Fancy following in the footsteps of prospectors who climbed high into the mountains looking for precious metals? Then come to the Krušné Mountains! As early as the 12th century copper, tin and silver were being mined here, the miners leaving behind an endless labyrinth of mines and panning sites.
The highest peak in the Krušné Mountains is Mount Klínovec, which is located on the border with Germany and near the town of Boží Dar. It’s first mentioned in the 16th century in connection with avalanches, a phenomenon that dogged the inhabitants of the Krušné Mountains, destroying forests and homes.
The highest town in central Europe
A perfect base for hikes to the top of Klínovec is the town of Boží Dar. For walks you’ll be heading out from the highest town in central Europe, situated at 1,028m above sea level. Our route to the top of Klínovec climbs just 200m and is a mere 5km long. Boží Dar was founded next to silver and tin mines in 1533 as a mining community. Today it’s great skiing country as it boasts the most notable winter sports centre in the Krušné range.
In the town be sure not to miss the Baroque church and the nearby nature reserve, the Božídarské peat bog. Continue along a red-marked trail to the top of a peak called Na Neklidu. Pass the ski lifts and join the road that leads to the top of Klínovec, taking a short cut through the forest. Your efforts will be rewarded with tremendous views across the landscape.
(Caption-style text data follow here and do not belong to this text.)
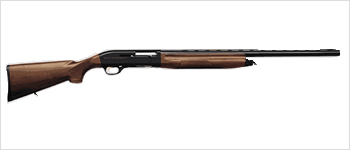 Hunting semiautomatic gun Benelli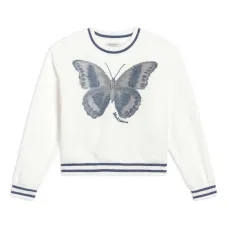 Толстовка с узором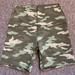 Pink Victoria's Secret Shorts | Camo Pink Biker Shorts Size Small | Color: Green | Size: S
From a glassworks to Komáří vížka
The ridge running along the top of the Krušné Mountains offers cyclists and hikers a number of great trails to follow. From the village of Moldava, where you can learn a little about the history of the glass-making industry and even see a replica of a medieval glassworks, continue on to Cínovec. This village was established in the 14th century when tin ore was discovered in the surrounding area. It grew even bigger when silver was found at a mine called Doubting Thomas. Cínovec is the ideal starting point for all hiking and cycling trips into the Krušné Mountains. For instance you can continue from here to Komáří vížka. A cable car from Krupka makes the last part of the climb a little less strenuous, and you can take time to admire the wonderful panoramas.